VIENNA — The Maine Arts Commission has named a local poet recipient of the 2010 Artists' Fellowship Award for Literary Arts.
Lee Sharkey, a retired professor from the University of Maine and now co-editor of the Beloit Poetry Journal, had her work recently selected from 90-entries by an out-of-state panel as this year's prize winner. Along with the recognition comes a $13,000 grant that will give her time to continue her work and perhaps finish a new manuscript, she said.
For the third straight year, the winner of this prize has had a strong connection to the Farmington area, which shows the quality of literary endeavor in the area, she said. Jeff Thomson who teaches poetry at UMF was the 2008 winner, and Penelope Schwartz Robinson, who also teaches at UMF, won in 2009.
The 20-page manuscript that was submitted contained poems and some from Sharkey's work from "A Darker, Sweeter String," which was published in 2008 by Off the Grid Press of Weld.
She has also published two other full-length volumes including one, "To A Vanished World," that responds to Roman Vishniac's photographs of Easter European Jewry in the years preceding the Nazi Holocaust, and the other entitled, "Farmwife."
"Writing has just always been with me. I've always found magic in language and love the sound of words," Sharkey said of a nearly life-long endeavor. She won class Olympian of poetry in the fourth grade, she said, but has been seriously committed to writing since her mid-teens.
"It's been a vehicle of growth and maturity. What I needed to learn from life, I learned from writing poems," she added.
Sharkey came to Maine in 1971, bought a 100-year-old printing press and taught herself to set type. She then printed and published her own small chapbooks of poetry.

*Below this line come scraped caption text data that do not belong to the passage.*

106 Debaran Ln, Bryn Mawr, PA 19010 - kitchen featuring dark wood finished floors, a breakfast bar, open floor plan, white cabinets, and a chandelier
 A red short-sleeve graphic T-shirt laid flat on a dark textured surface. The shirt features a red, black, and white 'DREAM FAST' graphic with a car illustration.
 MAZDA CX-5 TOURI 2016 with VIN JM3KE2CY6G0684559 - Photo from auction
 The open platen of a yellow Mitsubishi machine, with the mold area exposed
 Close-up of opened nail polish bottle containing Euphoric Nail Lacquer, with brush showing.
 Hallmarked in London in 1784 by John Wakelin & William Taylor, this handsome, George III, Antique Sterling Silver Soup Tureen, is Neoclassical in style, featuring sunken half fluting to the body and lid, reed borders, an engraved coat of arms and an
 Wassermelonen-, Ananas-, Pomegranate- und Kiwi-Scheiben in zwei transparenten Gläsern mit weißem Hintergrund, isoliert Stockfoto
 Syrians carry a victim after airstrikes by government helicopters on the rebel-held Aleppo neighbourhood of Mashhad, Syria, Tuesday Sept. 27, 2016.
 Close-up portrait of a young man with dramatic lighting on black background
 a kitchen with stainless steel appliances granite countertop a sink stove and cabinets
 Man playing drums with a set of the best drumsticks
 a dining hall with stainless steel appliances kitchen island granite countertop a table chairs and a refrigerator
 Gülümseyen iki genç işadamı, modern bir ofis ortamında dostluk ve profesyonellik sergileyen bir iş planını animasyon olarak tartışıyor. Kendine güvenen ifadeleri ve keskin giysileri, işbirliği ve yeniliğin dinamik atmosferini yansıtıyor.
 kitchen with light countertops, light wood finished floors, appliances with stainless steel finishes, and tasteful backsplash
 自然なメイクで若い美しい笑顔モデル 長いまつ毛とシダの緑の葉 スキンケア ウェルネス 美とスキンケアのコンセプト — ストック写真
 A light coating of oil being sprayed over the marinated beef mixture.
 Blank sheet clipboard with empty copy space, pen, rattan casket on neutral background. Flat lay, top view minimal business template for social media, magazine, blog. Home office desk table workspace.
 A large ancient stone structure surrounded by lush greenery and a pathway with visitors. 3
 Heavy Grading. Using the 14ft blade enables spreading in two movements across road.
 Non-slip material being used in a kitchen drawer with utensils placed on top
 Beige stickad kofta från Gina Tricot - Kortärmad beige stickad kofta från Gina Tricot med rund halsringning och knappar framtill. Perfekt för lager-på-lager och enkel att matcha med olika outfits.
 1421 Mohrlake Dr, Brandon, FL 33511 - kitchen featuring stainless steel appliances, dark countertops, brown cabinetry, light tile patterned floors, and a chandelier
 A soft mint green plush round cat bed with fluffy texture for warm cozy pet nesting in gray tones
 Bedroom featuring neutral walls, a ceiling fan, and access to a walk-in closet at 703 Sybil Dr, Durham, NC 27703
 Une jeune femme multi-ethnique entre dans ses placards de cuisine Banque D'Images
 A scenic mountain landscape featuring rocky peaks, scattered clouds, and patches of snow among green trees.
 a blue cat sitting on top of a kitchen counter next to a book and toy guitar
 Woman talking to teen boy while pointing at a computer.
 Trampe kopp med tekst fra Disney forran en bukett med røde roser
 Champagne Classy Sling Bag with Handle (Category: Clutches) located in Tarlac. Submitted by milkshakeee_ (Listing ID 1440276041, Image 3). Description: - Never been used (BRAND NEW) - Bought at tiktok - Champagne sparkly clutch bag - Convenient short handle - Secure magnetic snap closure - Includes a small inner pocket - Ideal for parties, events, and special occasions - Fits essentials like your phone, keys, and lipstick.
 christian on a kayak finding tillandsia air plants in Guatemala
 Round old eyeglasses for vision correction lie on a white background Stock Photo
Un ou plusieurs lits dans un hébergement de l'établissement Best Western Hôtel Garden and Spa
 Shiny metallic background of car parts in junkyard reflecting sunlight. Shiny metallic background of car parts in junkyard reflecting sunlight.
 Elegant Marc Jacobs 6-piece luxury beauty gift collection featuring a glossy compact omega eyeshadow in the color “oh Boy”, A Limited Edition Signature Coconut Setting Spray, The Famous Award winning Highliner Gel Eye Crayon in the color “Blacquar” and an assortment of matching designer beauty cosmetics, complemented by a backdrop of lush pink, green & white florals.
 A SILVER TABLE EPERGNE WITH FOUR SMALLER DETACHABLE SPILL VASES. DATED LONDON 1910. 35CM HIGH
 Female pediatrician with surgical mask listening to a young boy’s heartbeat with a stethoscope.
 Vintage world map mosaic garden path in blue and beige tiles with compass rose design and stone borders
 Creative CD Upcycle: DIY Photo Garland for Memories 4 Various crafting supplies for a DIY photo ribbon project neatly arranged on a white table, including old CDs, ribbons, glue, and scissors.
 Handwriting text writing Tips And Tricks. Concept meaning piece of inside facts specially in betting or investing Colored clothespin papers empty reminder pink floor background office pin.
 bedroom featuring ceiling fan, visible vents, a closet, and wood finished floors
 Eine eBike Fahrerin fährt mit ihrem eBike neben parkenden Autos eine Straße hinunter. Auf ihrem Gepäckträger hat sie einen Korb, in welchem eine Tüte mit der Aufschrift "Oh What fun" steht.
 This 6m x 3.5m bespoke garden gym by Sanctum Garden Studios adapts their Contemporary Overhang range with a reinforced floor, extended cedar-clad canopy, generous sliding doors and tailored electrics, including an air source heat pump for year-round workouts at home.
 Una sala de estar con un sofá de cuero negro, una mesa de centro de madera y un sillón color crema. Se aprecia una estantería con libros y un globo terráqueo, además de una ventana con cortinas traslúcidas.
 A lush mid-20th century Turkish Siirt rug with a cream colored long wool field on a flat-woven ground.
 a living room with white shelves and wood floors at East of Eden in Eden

She's taught writing at the University, working with students and teachers of all ages, and lead a writing workshop for adults with mental illnesses.
She left the University two years ago to devote more energy to both her writing and the Beloit Poetry Journal, which she now co-edits with John Rosenwald. The journal is a quarterly publication with an international circulation. It is celebrating its 60th birthday this year, she said.
Sharkey and her husband, Al Bersbach, reside in Vienna.
She will read from her work at an award ceremony on Oct. 23 in Rockland.
She expressed her appreciation for the Maine Arts Commission, which has nurtured the arts in Maine for four decades. The commission supports Maine artists and enlivens the communities they live in by bringing art and artists into schools and other institutions, she said.
"The Maine Arts Commission has also been a national leader in identifying and supporting the arts within communities as an engine of innovation and economic growth, what's now known as the creative economy," she said.